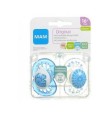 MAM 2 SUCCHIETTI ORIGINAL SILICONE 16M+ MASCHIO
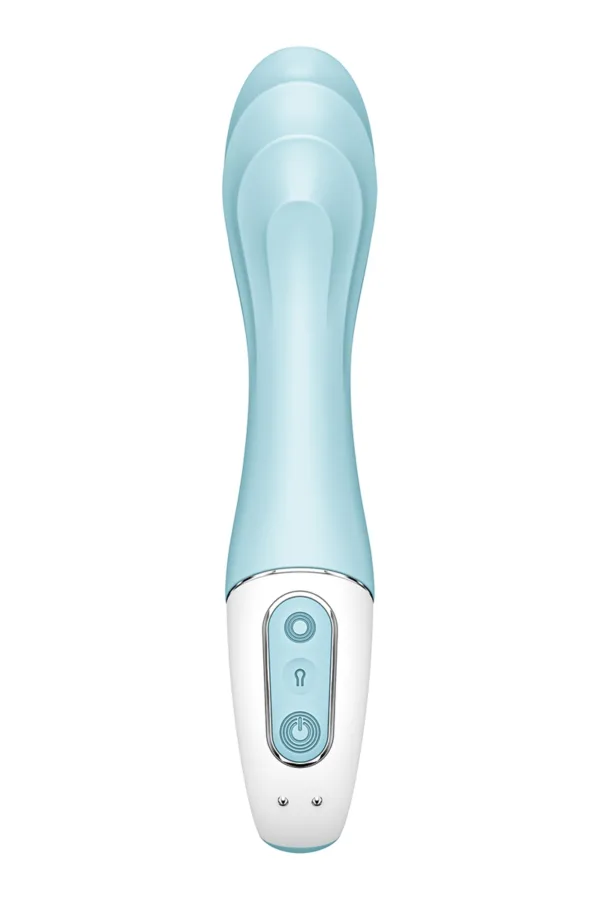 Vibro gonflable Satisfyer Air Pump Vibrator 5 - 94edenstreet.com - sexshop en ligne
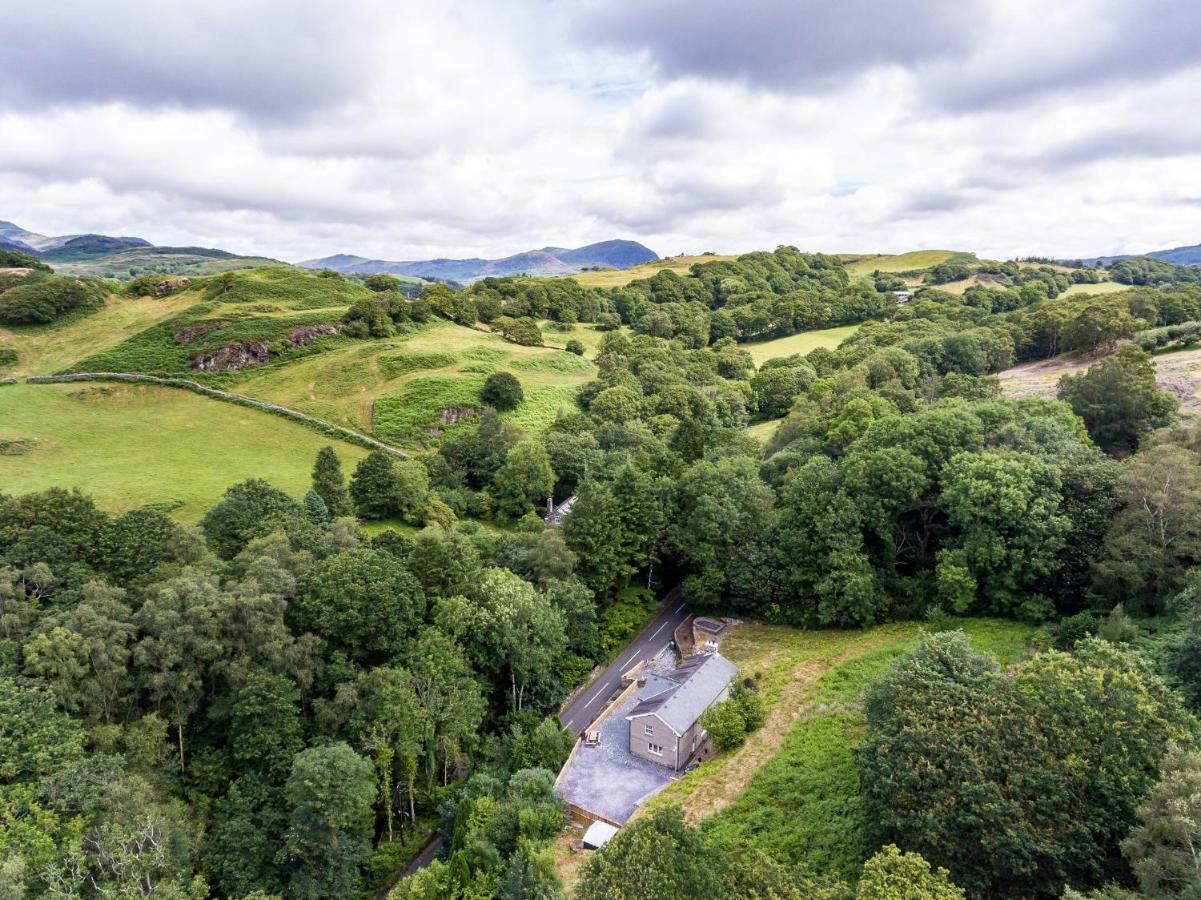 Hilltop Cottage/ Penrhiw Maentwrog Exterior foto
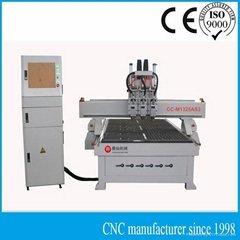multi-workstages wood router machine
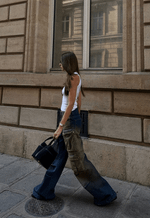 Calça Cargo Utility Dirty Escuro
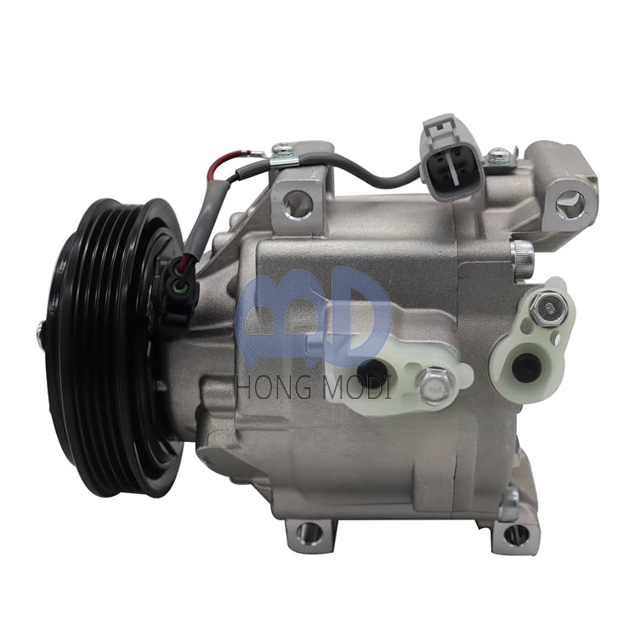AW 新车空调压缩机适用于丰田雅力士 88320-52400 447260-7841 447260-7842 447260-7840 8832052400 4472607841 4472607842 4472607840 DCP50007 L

○ ○ ○ ○ ○ ○ ○

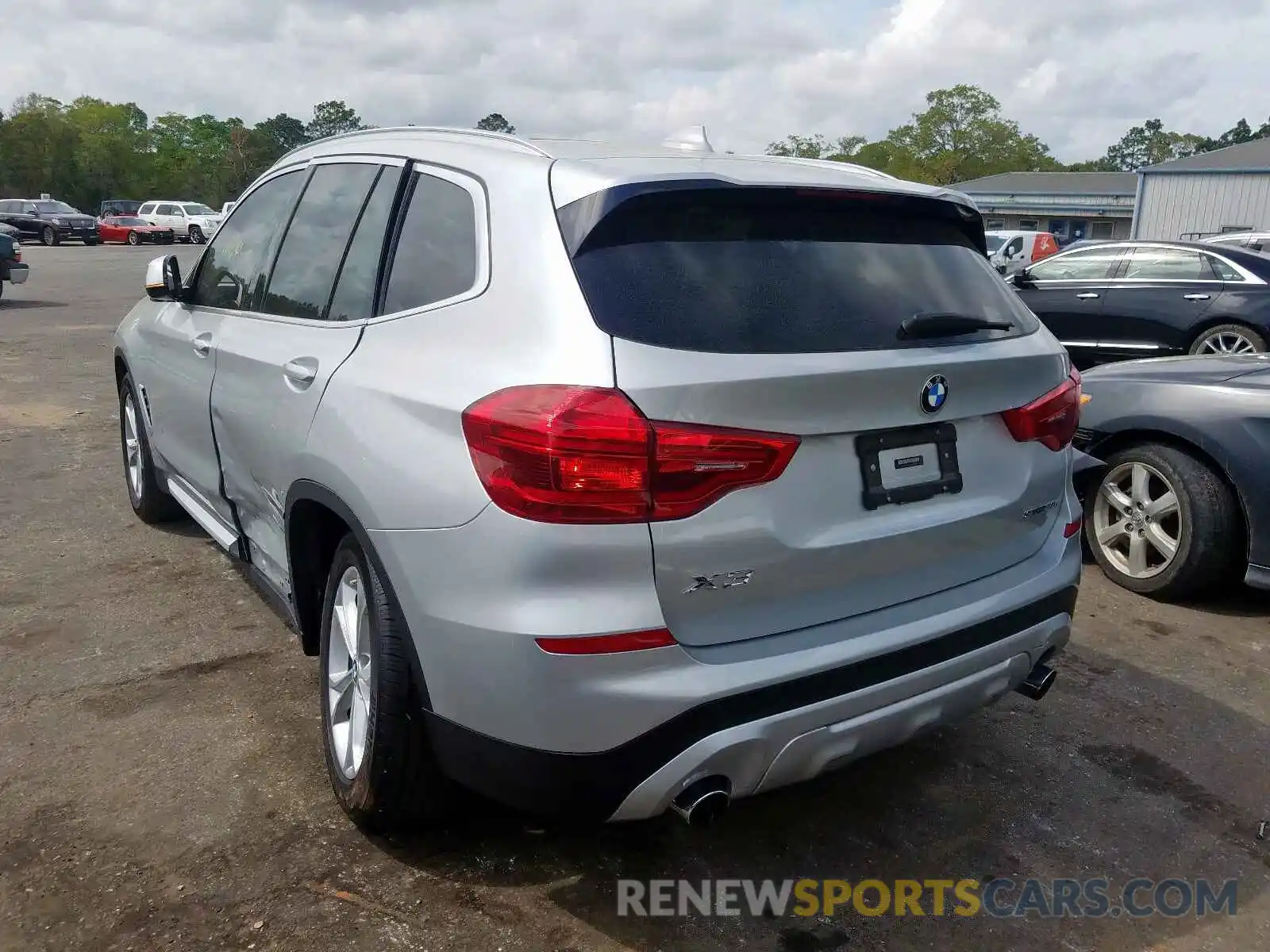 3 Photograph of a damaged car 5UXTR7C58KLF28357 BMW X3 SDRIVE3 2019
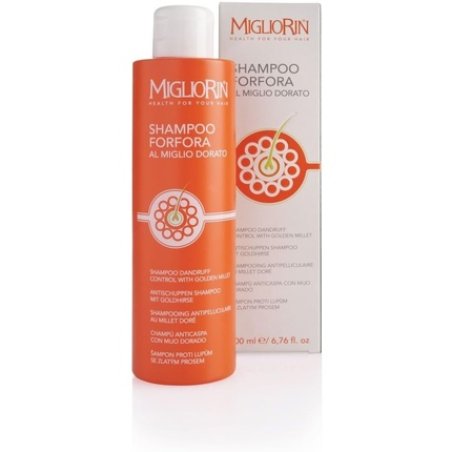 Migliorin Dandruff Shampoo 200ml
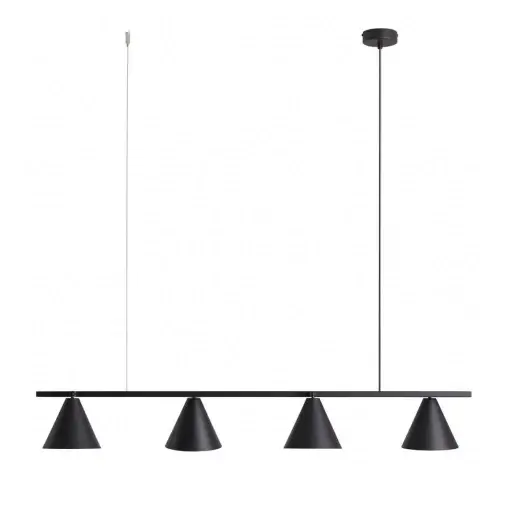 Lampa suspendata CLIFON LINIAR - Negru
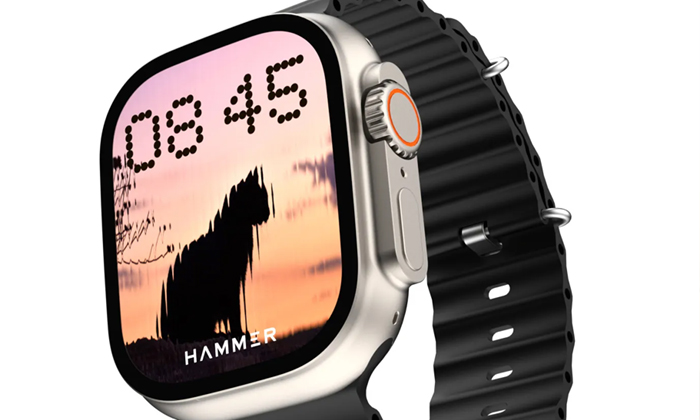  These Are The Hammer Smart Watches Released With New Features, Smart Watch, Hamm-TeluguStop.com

○ ○ ○ ○ ○ ○ ○

Between and including the line above that contains "Vibro gonflable Satisfyer" and the line that contains "AW 新车空调压缩机适用于丰田雅力士 88320-52400", restate every line word for word. Pictures stay out.

Solution to this task -
 Vibro gonflable Satisfyer Air Pump Vibrator 5 - 94edenstreet.com - sexshop en ligne
 Hilltop Cottage/ Penrhiw Maentwrog Exterior foto
multi-workstages wood router machine
 Calça Cargo Utility Dirty Escuro
AW 新车空调压缩机适用于丰田雅力士 88320-52400 447260-7841 447260-7842 447260-7840 8832052400 4472607841 4472607842 4472607840 DCP50007 L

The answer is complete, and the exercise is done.